I felt okay with Breakeven Analysis, but I wanted to get more coaching on it, so I could feel solid about it. I’ve been asked to volunteer as a WIBO backup course leader next semester, so extra coaching will prepare me to teach this subject when the time comes. I want to be able to share this skill with my music students and clients too, but ultimately, I want to make this work in my own business!.
For Breakeven Analysis coaching, we were asked to submit questions ahead of time, which enabled the WIBO folks to set up small break out groups of WIBO students with similar backgrounds with an entrepreneur coach. As the other students were from locations other than my own, this was also an opportunity to meet other WIBO students before our graduation in January.
The other two members of my breakeven “break out” group was a real estate broker, and a video producer. Like me, both of them were already working in their industry, and seeking to grow their businesses. Our coach, Zahra, was an experienced entrepreneur with an MBA, and she was fantastic in asking the right questions.
I have to say, though, that my breakeven “break out” group produced a BREAK THROUGH for me! 😉 During the past three courses on breakeven analysis, we chose one “unit of sale” that we based our numbers on. For example, that could be one CD for $15, or a monthly house concert that generates $500. Whatever the basic unit of sale is, we have to calculate how much of it we’d need to sell in order to break even.
If my basic unit of sale is a 99 cent MP3, and I need to make $2000 each month to break even, that means I’d need to sell over 2000 MP3s each month. That would also mean that I’d have to do a lot of marketing to sell that many MP3s. Frankly, that would not be the best use of my time, so the goal would be to choose a unit of sale that costs more, so I could sell less units, and make more money.

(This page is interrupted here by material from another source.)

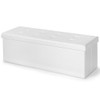 45 Inches Large Folding Ottoman Storage Seat-White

Since starting the Breakeven Analysis class sections, I’ve thought a lot about lifestyle design, and how I want to spend my time. I started this WIBO course with an eye to build my consulting business, but ironically, I’ve found myself questioning where music and performing fits into it all.
As much as I love helping others market their music, I feel out of sorts when I’m not singing or performing myself. Continuing to perform is what makes me a relevant music marketing consultant, so I wouldn’t be happy if I spent all my time consulting. While discussing my options, Zahra asked how much time I want to spend on a particular task, and my mind screamed “None at all!” I realized immediately that I had to change my basic unit of sale. Again.
But that was exactly what I needed. I went back to the drawing board to create my ideal life (which includes MAKING MUSIC!), and figure out how much it would cost to break even. I didn’t need to be a genius to know that selling CDs or eBooks could not be my main unit of sale. I’d have to think bigger.
In related news, I’ve also been working on a grant application for the International Women in Media Foundation (which is sponsored by the Ford Foundation). It has been consuming and exciting to create a new project that could be funded with a grant, but everything went to a new level when I asked myself, “If I won the grant, would I be happy following through on the plan I’ve created for myself?”
So I’ve decided to start the Rock Star Life Lessons TV show! My main unit of sale will be advertising. This will enable me to make and perform music on a regular basis, while also teaching others as I go, using video. I’ve also created a plan that will work whether or not I receive the grant. But working on the grant application is what forced me to think about the possibilities!